After the tour of the Experience center, Taylor was then presented details for her transition to similar seats in the new stadium. While she was familiar of PSLs and their presence in the new stadium, she best describes the numbers they showed with financing options as "very daunting", and something she, along with a number of others, were not prepared for.

"The seats were very expensive, not even including what your Season Tickets cost. If you were going to finance it, it adds an additional almost $12,000 on to the PSL. It was $20,000 per-seat, so it came up to $52,000 if you were going to finance it. Then the season tickets ended up being a 25% increase over what I'm paying now, so it would have been about $63,000 for the PSL, and then my first year of season tickets. And they couldn't guarantee the tickets would not be going up."

"I sat there, and I thought about how our season tickets are four generations, starting off with my grandfather, my dad, myself and my nieces and nephews, and I was like, 'We can't do this.' It was upsetting, and there were no other options given to us."

Taylor adds if she and her family are interested in moving the seats into another section of the new stadium, they would not get a chance to look at those options until after the other Season Ticket holders in that section have gone through their search for tickets.

Where Taylor feels a bit lucky is she does have two additional Season Tickets in the 100 levels that her nieces and nephews currently sit in. She says her family is currently expecting a June timeframe to get their tour of the Stadium Experience for those seats, where she could get four seats there.

However, when she asked about pricing about those seats, the reps at the Experience center would not give her any information in regards to that.

While it is still early in the process, the prices Taylor was presented with for her club seats has her worried that not only will PSL prices price her out of all her seats, but they will also price other Bills fans out as well.

"The gentleman that I spoke to was actually asking me, 'What do you think you could pay?', which I thought was kind of odd. I don't know what to expect, but I do feel they are pricing people out from the Buffalo area. It's just disappointing," Taylor said. "For so long, you heard about your seniority. So seniority goes back to 1977, and that was very prestigious, and you're really proud of it, and four generations. It doesn't matter at all."

Like many Bills fans in Western New York, the team has become an integral part of families, especially when it comes to Sundays during the football season. Taylor says if her family has to come to the decision to not move forward with Season Tickets in the new stadium, it would be disappointing.

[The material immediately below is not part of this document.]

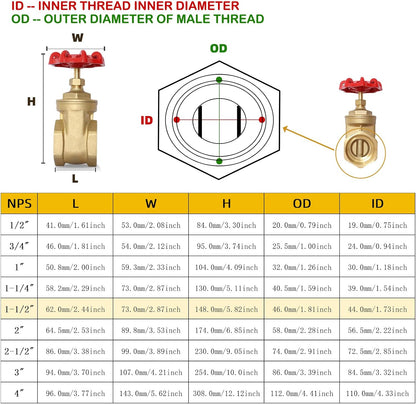 VALVULA DE COMPUERTA 1 1/2" PN 16 - MIOM0407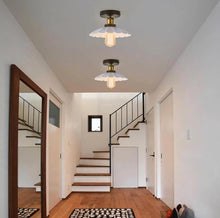 Load image into Gallery viewer, 2Pack Ceiling Light Flush Mount E27 Lamp White Scalloped Shade Modern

"Four generations, I get to spend time with my nieces and nephews. That's precious moments that we have and many memories. But life is expensive right now, and there's so many things to factor," she said. "I couldn't justify $40,000 in a club for heat and being covered, because that's all you really got. It will be very disappointing if there's no other options given to us."

It wasn't long after her tour of the Stadium Experience center that Taylor take to Facebook to share her experience with the recently created page, Buffalo Bills New Stadium: Season Ticket Holder Discussion Board. The page was created in light of fellow Season Ticket holders simply looking for more information on what to expect when they take their tour of the Experience center down the road.

The creator of the page is Bills Season Ticket holder Tyler Orlando, who shares Season Tickets in Section 138 with his dad, Todd. He says it's a page open to any and all Bills fans.

"If you're a current Season Ticket holder, a past Season Ticket holder or a prospective new one, we just want people to have one space where they can feel heard, they can share what they hear, and they can bounce opinions and ideas off of each other on how we can make the situation as best we can for all of us fans that love this team and love this community," said Orlando in an interview with WBEN.

Orlando has been going to Bills games with his dad since 2003 after his dad originally bought Season Tickets dating back to 1988. He admits he is really excited about the new stadium, and was looking forward to getting his shot at viewing the Experience center in the coming months.

While it will be some time before he gets to take in the Stadium Experience with his dad, Orlando says he was eager to get some more information on PSL pricing and other details from others. Once the rumblings and the details started flowing in from fellow Season Ticket holders, that's when he jumped at the chance to create the communal page.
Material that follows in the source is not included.